Note: The phrase ‘oil separates’ means when you see the oil within the paste suddenly re-appear. Don’t worry, I’ll explain. When you first combine the paste into the oil it will soak it all up (see fig.1) once the spices and paste are fully cooked the oil will separate (see fig.2) and become visible in the pan again. If you are unsure, trust your sense of smell; if the steam rising from the paste stops smelling of raw onions you are probably good to go.
Prawn Curry Recipe Serves 2 – Ingredients:
1 large white onion (about 150g)
6 cloves of garlic
3 inches of ginger
Dash of water (just to help the blender combine it)
6 cloves whole
3 whole dried chillies puncture flesh once with a knife
1 teaspoon mild red chilli powder
1/2 teaspoon smoked paprika
1/2 teaspoon ground cinnamon
1 teaspoon turmeric
1 teaspoon ground cumin
1 teaspoon ground coriander
TIP: Measure and put all the ground spices together before you start cooking so you can add them in one go (the cloves and dried chilli will go in separately)
Just over 1/4 cup (about 80ml) light olive or rapeseed oil
1/2 cup / 120ml water
2 black cardamom pods
1/2tbl garam masala
Bowl of prawns (about 250gms)
1 small white onion cut into eighths
2 ripe tomatoes cut into eighths
1 tablespoon of brown soft sugar
1 tablespoons of fish sauce
1/2 tin of good quality chopped tomatoes or passata
Handful of fresh coriander chopped (stalks and leaves separated)
1/2 fresh lime juice
Tablespoon greek yoghurt per portion to serve
Prawn Curry Recipe – Method:
- Blend together all the paste ingredients until you have a fairly smooth paste (this is best done with a hand blender).
- On a medium heat add the oil to a pan (at least enough to fully cover the base of the pan), then add the cloves and dried chillies and let sizzle for 30 seconds before adding the rest of the Spice mix ingredients.
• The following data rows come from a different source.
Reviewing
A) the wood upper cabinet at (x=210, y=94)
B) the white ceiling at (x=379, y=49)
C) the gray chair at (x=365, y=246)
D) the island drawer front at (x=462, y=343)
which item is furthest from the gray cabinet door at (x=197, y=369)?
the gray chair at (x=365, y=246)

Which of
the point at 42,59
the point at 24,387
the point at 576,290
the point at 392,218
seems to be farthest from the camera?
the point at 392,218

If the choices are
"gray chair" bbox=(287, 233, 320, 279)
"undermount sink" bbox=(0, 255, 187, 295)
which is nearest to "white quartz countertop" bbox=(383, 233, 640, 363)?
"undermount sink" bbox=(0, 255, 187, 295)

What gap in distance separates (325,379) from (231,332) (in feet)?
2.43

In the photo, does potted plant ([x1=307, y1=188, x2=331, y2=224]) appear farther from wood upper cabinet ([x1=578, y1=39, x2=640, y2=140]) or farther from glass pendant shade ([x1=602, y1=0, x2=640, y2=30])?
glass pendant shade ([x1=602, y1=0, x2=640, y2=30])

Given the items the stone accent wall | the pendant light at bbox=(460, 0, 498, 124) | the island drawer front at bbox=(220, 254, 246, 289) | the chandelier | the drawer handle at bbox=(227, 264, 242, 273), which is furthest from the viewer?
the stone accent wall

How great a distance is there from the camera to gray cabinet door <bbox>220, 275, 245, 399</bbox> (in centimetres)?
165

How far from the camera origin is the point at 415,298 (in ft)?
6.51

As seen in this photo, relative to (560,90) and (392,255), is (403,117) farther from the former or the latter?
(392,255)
Stir into the oil and sizzle for half a minute before adding the onion, garlic and ginger paste.
- Mix thoroughly to combine and turn the heat to low and let it gently cook, stirring occasionally for about 20-30 minutes or until the oil separates.
- This takes time; letting the paste cook long and slow will give a real depth of flavour that you can’t achieve otherwise. Trust me, let it cook on a very low heat for the 30 minutes give or take that it needs..
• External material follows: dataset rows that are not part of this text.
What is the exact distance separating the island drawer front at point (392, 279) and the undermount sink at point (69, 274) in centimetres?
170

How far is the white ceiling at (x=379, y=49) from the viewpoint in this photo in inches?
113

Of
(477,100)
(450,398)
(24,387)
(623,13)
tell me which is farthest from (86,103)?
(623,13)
- Now add the tinned tomatoes, sliced onion, sugar, fish sauce, black cardamom pods, 1/2 cup water, the chopped coriander stalks and season lightly with salt and heavy with ground black pepper. Leave on low heat, uncovered, simmering for 20 mins (if it gets too thick add a dash more water).
- Finally add the fresh chopped tomato, prawns and garam masala. Leave on the heat for about 3-4 minutes or just long enough to cook the prawns through then remove from the heat (I add the fresh tomatoes near the end to lift the flavour and add a little freshness).
Once plated up; sprinkle the rest of the fresh coriander leaves on top with a good squeeze of lime juice and a dollop of Greek yoghurt.
Goes well with boiled rice, a cold beer and a really annoying cook who keeps asking how nice it is (sorry Anna – but it really is good isn’t it?!)